Hi, Karen,

On 7/16/2015 12:27 AM, Karen Elisabeth Egede Nielsen wrote:
...
>> So there are several levels of the latency issue:
>>
>>      - minimize the latency ADDED by the transport layer
>>      - reduce the latency seen by the app
>>      (which can involve more active interaction with the network
>>      layer, anticipation, etc.)
>>
>> Note also that latency is not a single metric nor a meaningful standalone
>> metric:
>>
>>      1. latency between two parties is a property *of a message*,
>>      i.e., it requires knowing the message size
>>
>>      2. latency includes both basic and higher order effects;
>>      the basic is "delay", the higher order include "jitter" etc.
>>      Many common delay-sensitive use cases are really mostly
>>      jitter sensitive.
>>
>> ...
> [Karen ] I agree so what do we mean in this document when we say that
> a transport service feature can be to provide minimal latency ?

There should probably be two levels:

        - minimize what you add at the transport layer

        - reduce even further

> Are we thinking about Nagle OFF ?

That is how TCP might react to a request to minimizing added latency,
but I don't expect a TAPS API should expose the specific knob of "Nagle".

>>> I am not sure if Connection oriented  and Feature negotiation should
>>> be split into two features ?
>>
>> If you don't share state (i.e., what we tend to call a "connection"),
> what is the
>> meaning of feature negotiation?
>>
> [Karen ] Yes, but does connection oriented necessarily means that you can
> negotiate features ?

Absolutely. Connection oriented means there is state that persists
between messages.
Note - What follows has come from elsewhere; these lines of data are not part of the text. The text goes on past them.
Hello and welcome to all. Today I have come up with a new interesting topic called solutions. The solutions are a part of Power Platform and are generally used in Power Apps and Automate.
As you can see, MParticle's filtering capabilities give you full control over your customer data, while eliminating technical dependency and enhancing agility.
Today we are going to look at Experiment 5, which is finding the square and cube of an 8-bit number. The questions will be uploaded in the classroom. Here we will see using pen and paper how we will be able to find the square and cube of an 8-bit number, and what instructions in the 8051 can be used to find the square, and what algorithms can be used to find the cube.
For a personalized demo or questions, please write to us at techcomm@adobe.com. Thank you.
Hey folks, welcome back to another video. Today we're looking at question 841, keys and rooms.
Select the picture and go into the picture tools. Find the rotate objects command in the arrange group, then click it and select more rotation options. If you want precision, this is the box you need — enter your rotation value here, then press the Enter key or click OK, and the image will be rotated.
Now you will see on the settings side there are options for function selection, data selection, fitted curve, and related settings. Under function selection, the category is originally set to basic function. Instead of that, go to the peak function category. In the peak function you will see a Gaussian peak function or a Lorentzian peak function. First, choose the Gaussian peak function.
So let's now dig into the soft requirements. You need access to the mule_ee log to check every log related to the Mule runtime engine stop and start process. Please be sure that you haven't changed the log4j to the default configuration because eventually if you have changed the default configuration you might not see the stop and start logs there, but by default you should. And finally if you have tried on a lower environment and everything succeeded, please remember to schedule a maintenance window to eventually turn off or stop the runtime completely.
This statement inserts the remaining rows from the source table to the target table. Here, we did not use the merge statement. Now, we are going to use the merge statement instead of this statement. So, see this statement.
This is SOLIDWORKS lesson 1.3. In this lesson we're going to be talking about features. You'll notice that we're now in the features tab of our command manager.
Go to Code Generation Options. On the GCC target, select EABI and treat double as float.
To be useful, that state needs to be controllable.
Negotiating features *is* controlling that state.

...
>> So the general assumption that turning off Nagle will reduce latency
> should be
>> reasonable.
> [Karen ] I agree with this as a general assumption.
> But when I read the paragraph in the doc it almost sounds as if turning
> Nagle off comes with no price.

I would think that should be clarified.

>  Do you have a counterexample seen in the wild?
>
> [Karen ] Yes we have examples with NO Nagle where the number of packets
> then becomes the bottleneck.
> In the local ends (CPU) as well as in the infrastructure elements. I am
> not sure how much of this information I can share.
> I can try to find out. That is why I was saying that how to provide
> minimal latency may depend on the application traffic.

Because latency depends on the sizes of the messages, it should not be a
surprise that latency can't be minimized without that context.
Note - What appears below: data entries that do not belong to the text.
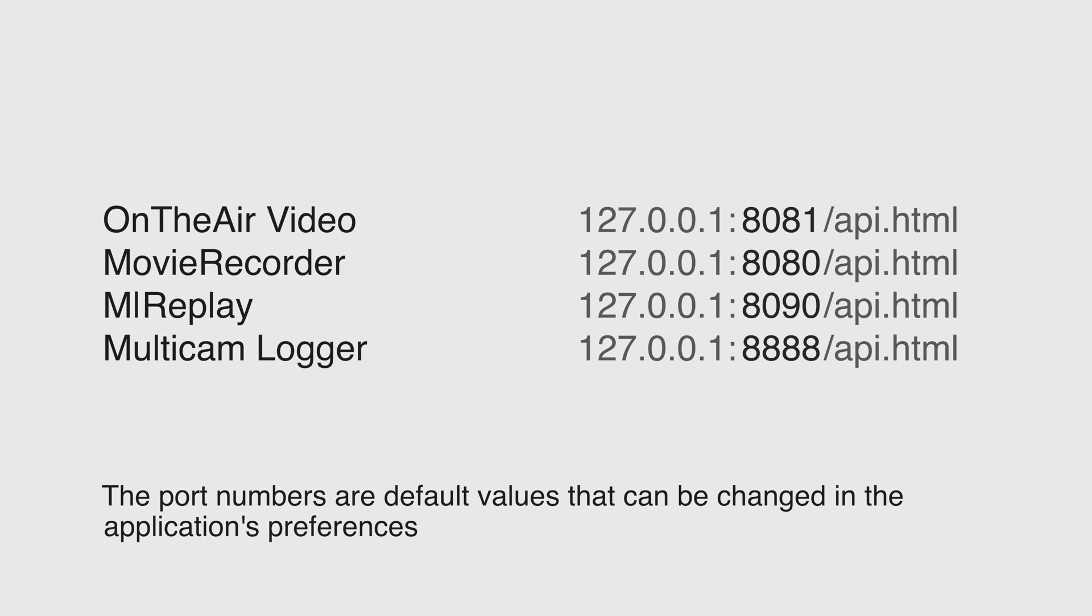So with our applications running, you can access the API documentation at the local host, port number of application, and navigate to the API documentation.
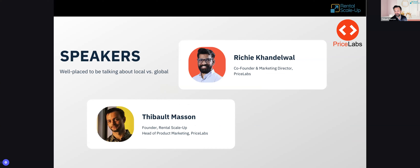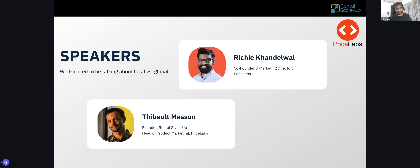A quick word of introduction. Richie, do you want to introduce yourself? Sure — if you've been on PriceLabs webinars before you've probably heard my voice. I'm one of the co-founders at PriceLabs; we've been doing this for eight years. Really excited — we've done this at the start and end of every year. We have lots of new features and products in store, and it'll be interesting to walk through those and talk about how they can impact your strategy.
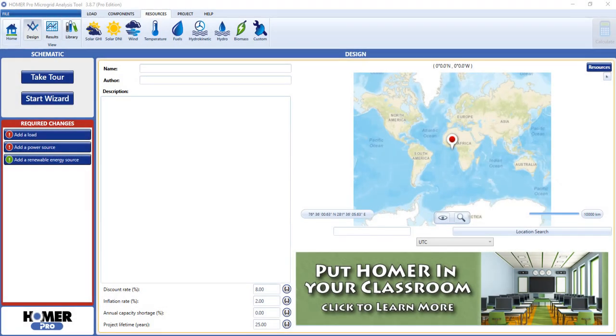The Homer Pro Optimizer helps you to find the lowest cost system design quickly. It can optimize the size of your PV, wind turbine, battery, and system converter components in a Homer model.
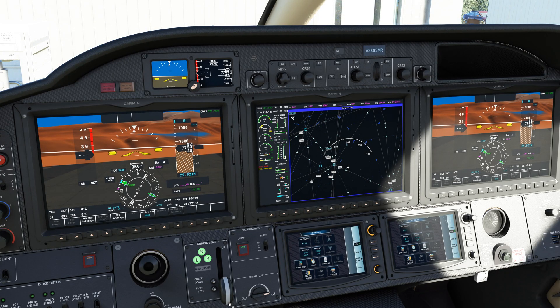Hello everybody and welcome back to the channel. Today we are going to continue with our TBM 930 tutorial series and get into how to enter the flight plan into the FMC. Now, disclaimer — don't skip ahead please.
> How to solve also depends on whether it is the average latency that needs
> to be minimal or whether the latency for some particular application
> "messages" should be kept as low as possible.

This is difficult for TCP to handle, because TCP thinks of the input
stream as an ordered sequence of bytes, and the issue of latency is
related to message boundaries within the TCP stream that are NOT part of
the TCP API (there's no way for an application to indicate those
boundaries to TCP - and no, the SEND boundaries are explicitly NOT those
markers).

> For SCTP we allow for that Nagle is disabled on some streams (streams with
> high scheduling priority) and not on others. This is done exactly for this
> purpose.

Sure, but that's also why it doesn't make sense for TCP.